Fahrpreisentschädigung
In der EU haben Bahnreisende, deren Zug Verspätung hat, Anrecht auf eine Fahrpreisentschädigung. Beträgt die Verspätung zwischen einer und zwei Stunden, erhalten die Reisenden einen Viertel des Billettpreises zurückerstattet, ab zwei Stunden die Hälfte. Die Ursache der Verspätung spielt dabei keine Rolle. Zudem sind die Eisenbahnunternehmen verpflichtet, ab einer Verspätung von 60 Minuten den Fahrgästen Mahlzeiten und Erfrischungen anzubieten. Wird eine Übernachtung erforderlich, muss das Eisenbahnunternehmen das Hotel und die Fahrt dahin zahlen.

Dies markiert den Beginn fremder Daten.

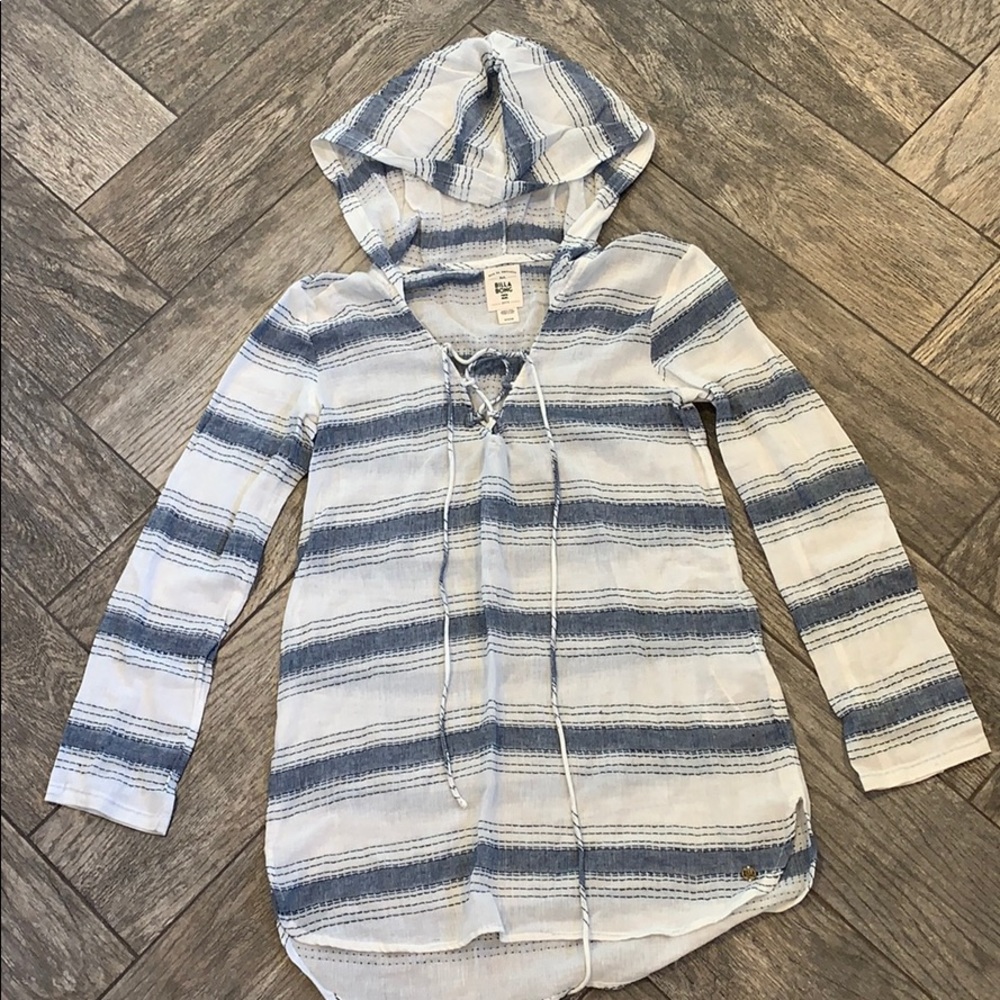 Blue and white linen blend coverup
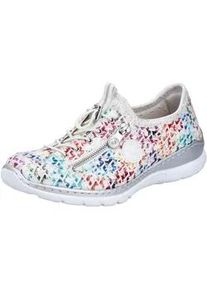 Slip-On Sneaker Rieker, Damen, Gr. 37, bunt (wei&szlig; multi), Textil, bedruckt, Schuhe, Schlupfschuh, Freizeitsneaker, Halbschuh mit MemoSoft-Ausstattung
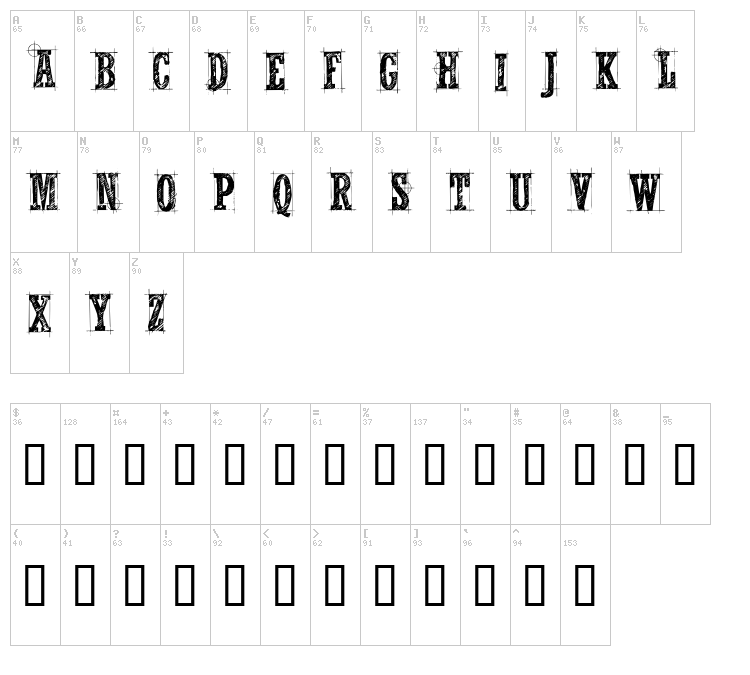 CF Nelson Old Caracters font map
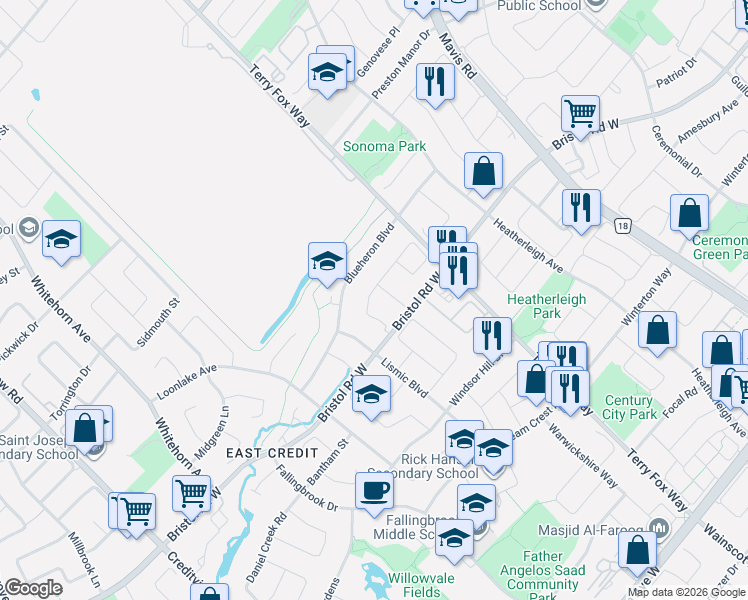 map of restaurants, bars, coffee shops, grocery stores, and more near 5428 Sweetgrass Gate in Mississauga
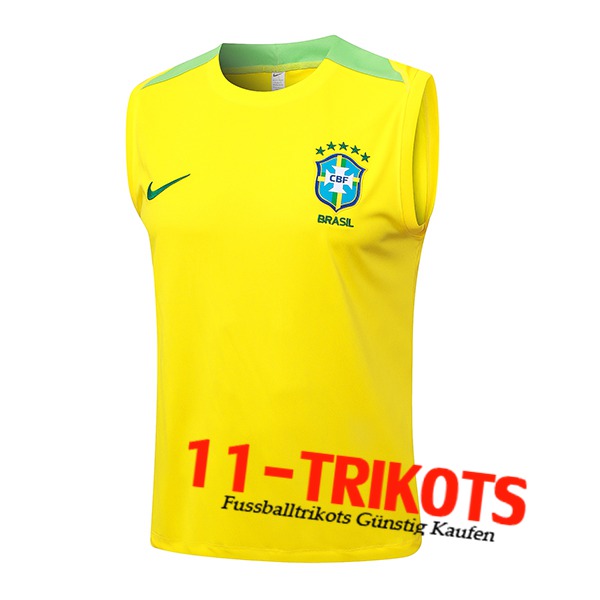 Brasilien Trainings-Tanktop Gelb/Grün 2024/2025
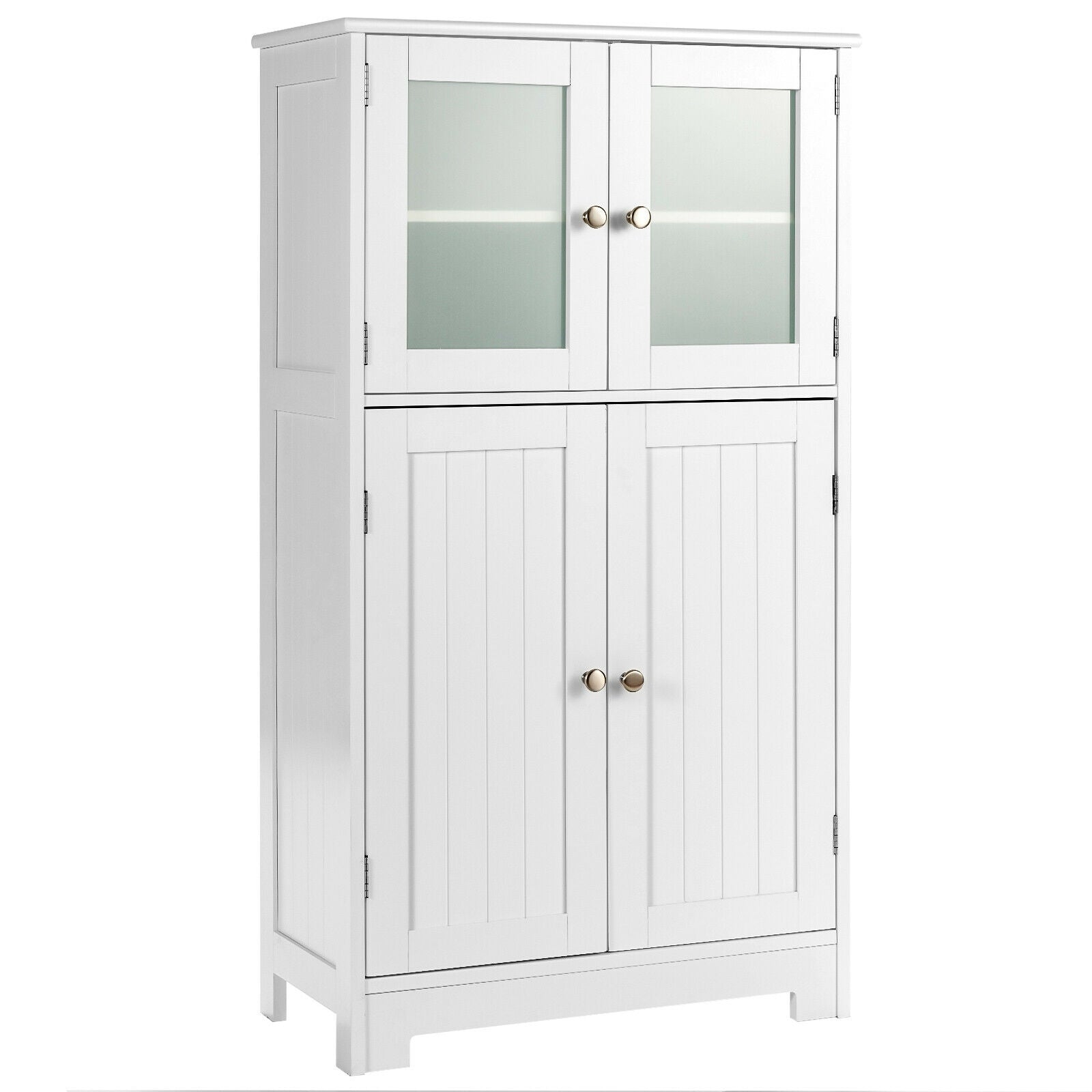 Bathroom Floor Storage Cabinet With Doors, Adjustable Shelf, White Floor Cabinets at Gallery Canada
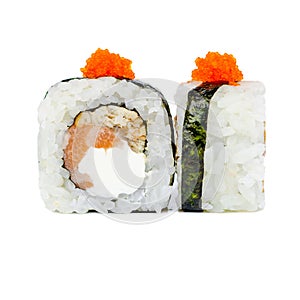 Traditional fresh japanese sushi rolls on a white background.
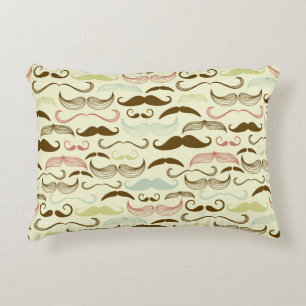 Moustache pattern, retro style 4 decorative pillow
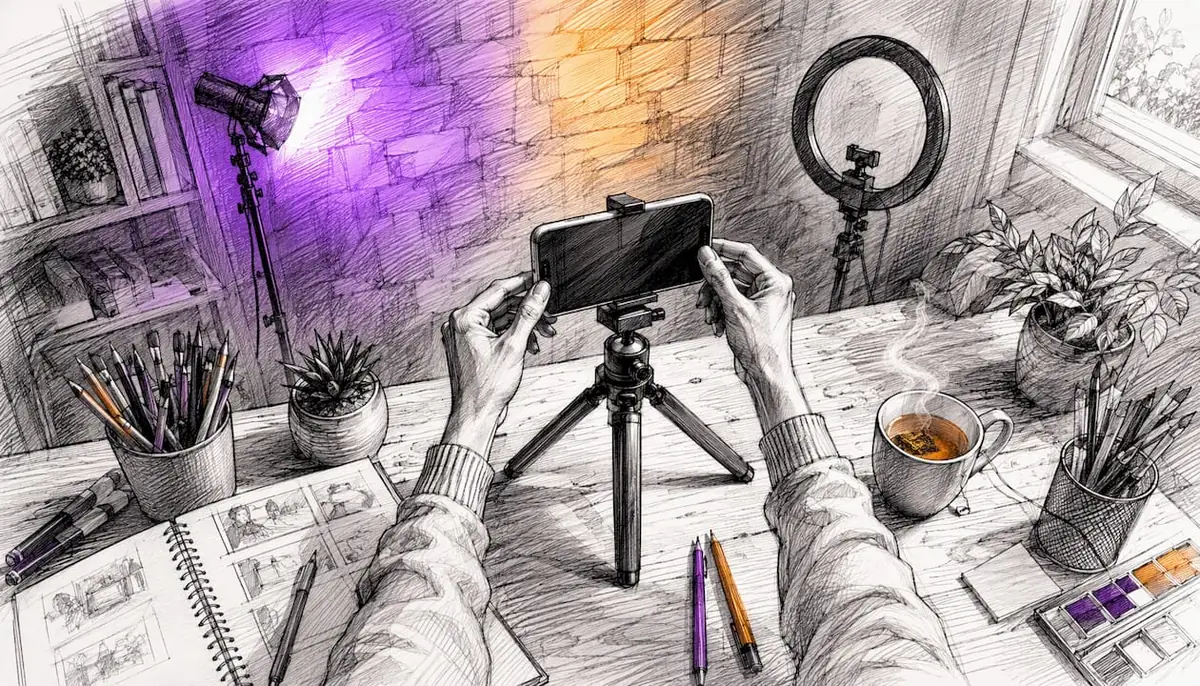 Hands setting up smartphone for filming short video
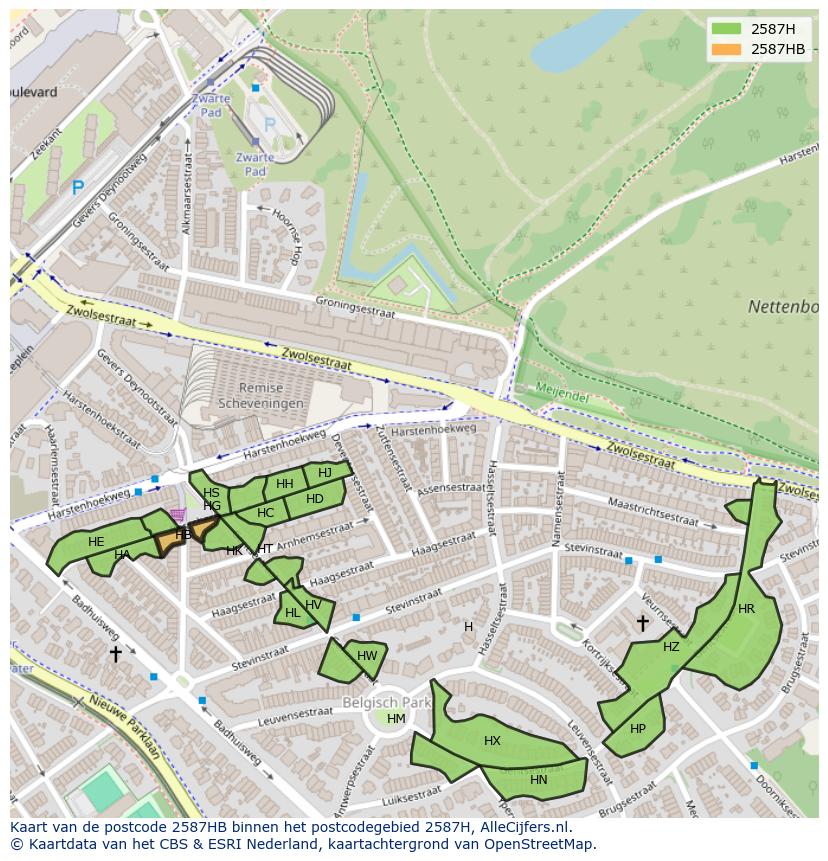 Afbeelding van het postcodegebied 2587 HB op de kaart.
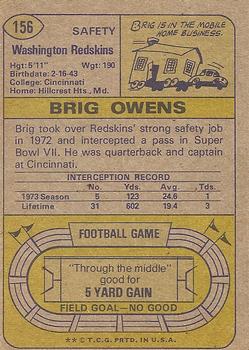 1974 Topps #156 Brig Owens Back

Es besteht kein Anspruch auf Entschädigung bei Verspätungen. Nur wenn Kunden ihre letzten Anschlüsse verpassen, müssen die SBB , die Taxi- oder Hotelkosten bis 150 Franken übernehmen.
Gesetzliche Garantie
Seit 1. Januar 2013 gilt in der Schweiz bei Käufen eine zweijährige Garantiefrist. Allerdings ist das nicht viel wert, denn die Verkäufer können diese Garantie im Vertrag ausschliessen.
In der EU sind die Kunden bessergestellt: Verkäufer können hier die gesetzlichen Garantieansprüche der Kunden nicht wegbedingen.
Widerrufsrecht bei Internetkäufen
Wer via Internet etwas kauft, kann die Waren nicht vorgängig prüfen. In der EU gilt deshalb ein 14-tägiges Widerrufsrecht für im Internet gekaufte Waren und auch für gewisse Dienstleistungen. Die Versandhändler sind verpflichtet, den Kaufpreis spätestens 14 Tage nach Erhalt des Widerrufs zu erstatten. Manche übernehmen – freiwillig – sogar die Rücksendekosten.
In der Schweiz hingegen hat der Nationalrat erst kürzlich die Einführung eines Widerrufsrechts bei Internetkäufen abgelehnt. Immerhin: Manche Schweizer Internethändler gewähren aus eigenem Antrieb ein Rückgaberecht (siehe «K-Tipp» 17/14).